* _Dataset entries_:
┏━━
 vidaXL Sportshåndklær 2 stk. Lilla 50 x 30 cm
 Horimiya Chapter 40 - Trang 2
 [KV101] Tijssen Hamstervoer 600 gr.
┗━━
┏━━
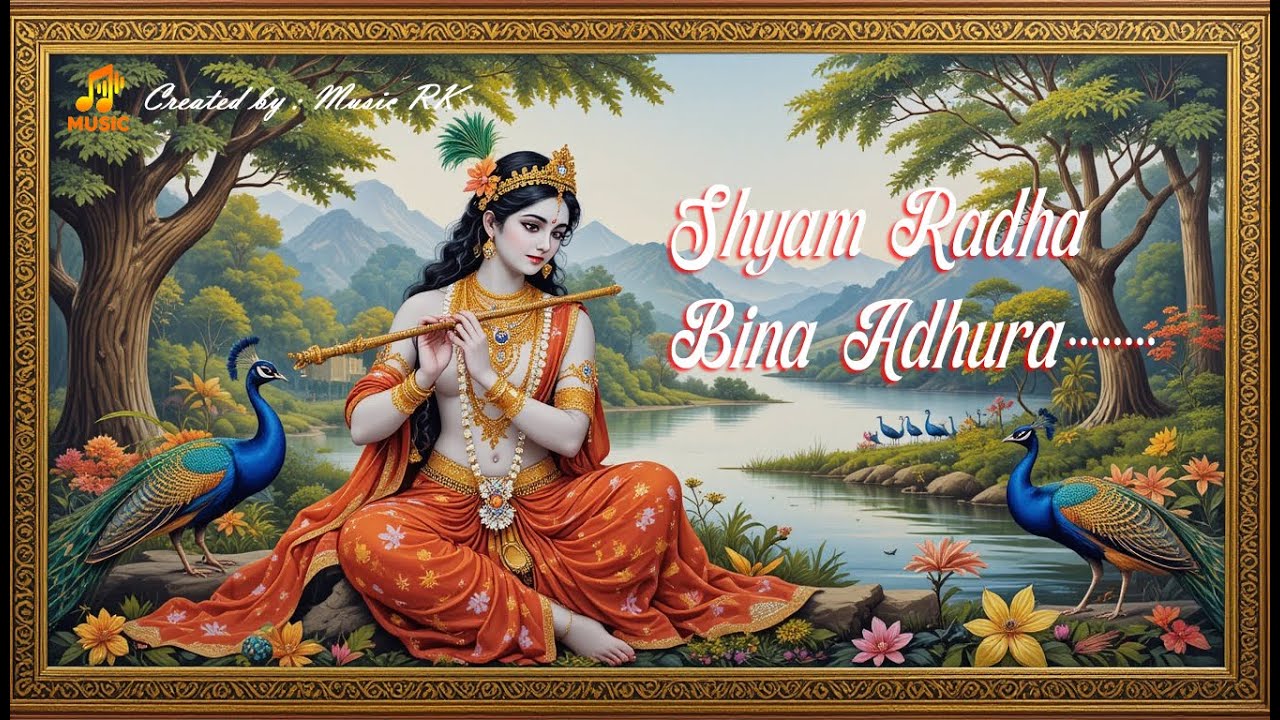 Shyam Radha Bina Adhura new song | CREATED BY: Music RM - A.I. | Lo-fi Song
┗━━
* _What to work on_: Going back over the entries above, copy word for word every line from the one that has "vidaXL Sportshåndklær 2" on through the one that has "[KV101] Tijssen Hamstervoer 600 gr.".

* _Task result_:
 vidaXL Sportshåndklær 2 stk. Lilla 50 x 30 cm
 Horimiya Chapter 40 - Trang 2
 [KV101] Tijssen Hamstervoer 600 gr.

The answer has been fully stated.